-- ABOUT THIS TASK --
Only one stretch of the data below is wanted: the lines from the one with "image tagged in" through the one with "Nutritional Milk for Horse & Foal Banner", repeated exactly.

-- RECORD EXTRACTS --
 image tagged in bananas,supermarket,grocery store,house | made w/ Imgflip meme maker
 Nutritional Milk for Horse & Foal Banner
* * *
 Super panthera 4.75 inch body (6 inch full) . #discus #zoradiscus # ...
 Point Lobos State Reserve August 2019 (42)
--
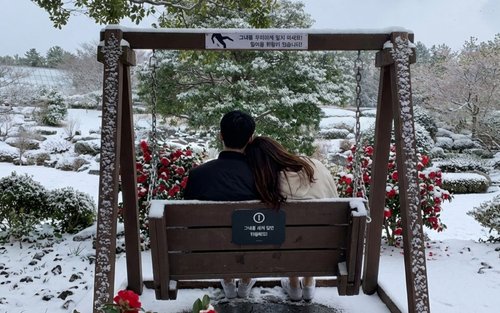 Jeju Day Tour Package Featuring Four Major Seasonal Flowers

-- ANSWER SECTION --
 image tagged in bananas,supermarket,grocery store,house | made w/ Imgflip meme maker
 Nutritional Milk for Horse & Foal Banner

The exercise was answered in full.